This Is Why Lil Wayne Only Seems To Rap About Women Sitting On His Face

Lil Wayne just dropped I Am Not A Human Being II. The album is a glaring example of what happens to a great artist when they run out of things to say. The two overarching themes of IANAHB2 can basically be summed up thusly: “B***h , come sit on my face” and “Just so you know, n***a, your girl’s been sitting on my face.”

Hip-hop is an unapologetically crass art form. But the great ones, like Wayne, usually interweave that crassness into content that also features a whole lotta wit, heft and insight. Weezy is one of the best to ever do this. He just doesn’t do it anymore, because that tank is on empty.

IANAHB2 is Wayne’s eighth studio album. That’s a full career for a lot of rap artists. But, as we know, Weezy’s solo career followed his public introduction as the little tyke in the Hot Boyz crew. He’s principally repped on seven other albums, as part of the B.G.’z, the Hot Boyz, with Birdman or as frontman for his Young Money crew. And then there’s “Wayne the Guest Verse Mercenary.” Dude’s discography is whatever word means “more prolific than prolific.”

But, of course, it was the glut of mixtapes Wayne released between 2004 and 2008 that featured his finest moments, created the legend and will cement his legacy. The man put out mixtape, after mixtape, after mixtape, after mixtape. Still, the human imagination can only conjure but so much. By the time Tha Carter III dropped in 2008, he was operating off creative inertia and his album sales were bolstered by newcomer fans of his newfound status as a bona fide pop/rock/rap star. IANAHB2 “only” sold about 220,000 albums in its first week – chump-numbers for a mega star. That’s “Lil Wayne Fatigue” – as in, “Lil Wayne is creatively tired” and “folks might be tired of Lil Wayne.” That’s what happens when homeboy drops enough music in five years to last about five artists their full careers.

This brings me to Schoolboy Q. He was recently interviewed on the DJ S.Whit & DJ Clark Kent show and has this to say:

“I mean, I’m trying to sell records…This is what I’mma say to ya. Cause I hate when I say the wrong sh*t. I come off to cocky or unhumble…It comes a time where you gotta stop giving out so much free music. Cause you give out so much free music. Why would I buy your album and I just got three of your free albums? I may buy your album. You know what I mean? We haven’t gave out nothing free since 2009.”

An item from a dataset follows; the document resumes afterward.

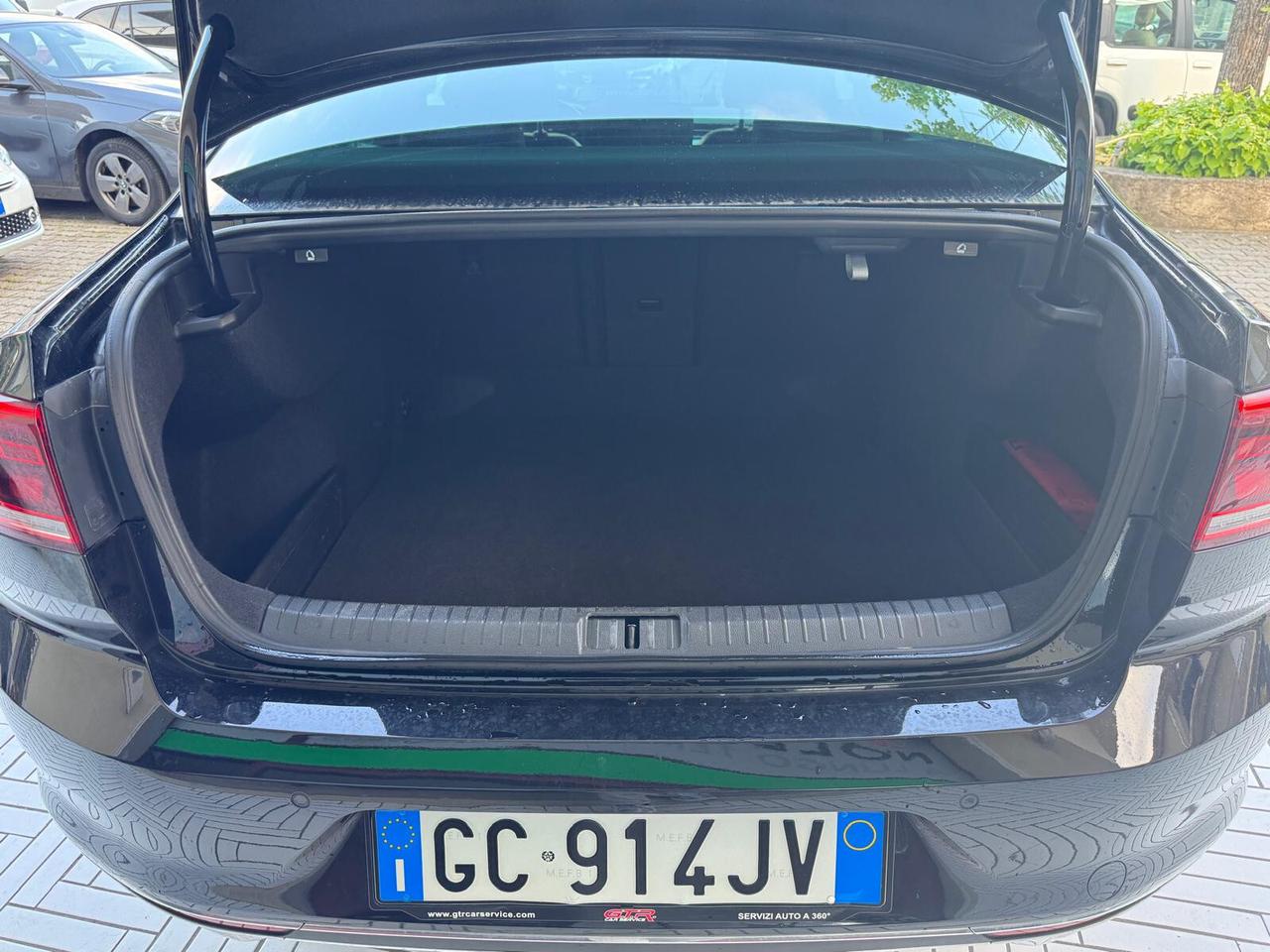 Volkswagen Passat 2.0 TDI SCR 190 CV 4MOTION DSG Executive BMT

Now, Q is talking about economics, the business side of things; but it’s all tied to the artistic process and how/if listeners choose to consume the product. On one hand, constantly giving out free music can condition consumers to expect your art for $free.99; but, just as much at play here is the inevitability of listeners no longer having an appetite for what the artist is seeking to feed them.

In the two years between Teflon Don and God Forgives, I Don’t, Rick Ross released two mixtapes and two other collab albums with his MMG crew. God Forgives has sold about half of what Teflon Don moved.

Q released a mixtape, Gangsta & Soul, in 2009 and, since then, hasn’t dropped any other free music; instead, choosing to release two studio albums, 2011’s Setbacks and last year’s Habits & Contradictions. Now, in the interim, he’s appeared on a truckload of singles – enough to be legitimately “hot in the streets.” But Q seems like a lone dissenter in today’s bulk-music market. Every other day it seems like we’re getting a new Joey Bada$$ track. Ross is shooting a NEW video, for a NEW single off of an upcoming NEW album.

Of course, it’s up to each listener to exercise some personal self-control. For instance, in the lead-up to the release of My Beautiful Dark Twisted Fantasy, I steered clear of almost all of Kanye’s “Good Friday” offerings. In between Section.80 and good kid, m.A.A.d city, I chilled on Kendrick Lamar. I’m about to put young Joey on pause and hope that the torrent of music he’s making isn’t draining the creativity-tank I hope is on full when he finally slows down to make his official debut album.

Last summer, Ross’ MMG henchman Meek Mill pushed me to write a “think you might wanna chill, maybe?” piece (Rappers: Stop Making So Much Music). This was the gist:

“Is there such a thing as saturation? Even with today’s deviant form of music consumerism, there has to be a breaking point, a point where it is no longer artistically sustainable.”

We can acknowledge that, ultimately, it’s the artists’ decision to create music at whatever clip they feel is warranted. But, a little discretion has to be in order. Because we see the end result. We went from Wayne spazzing over “Ambitionz az a Ridah” on The Dedication 2 to him spitting “I get at ‘em, like Yolanda.”

Then again, there’s the other extreme – we’ll call it the Jay Electronica Syndrome. We really wouldn’t want that.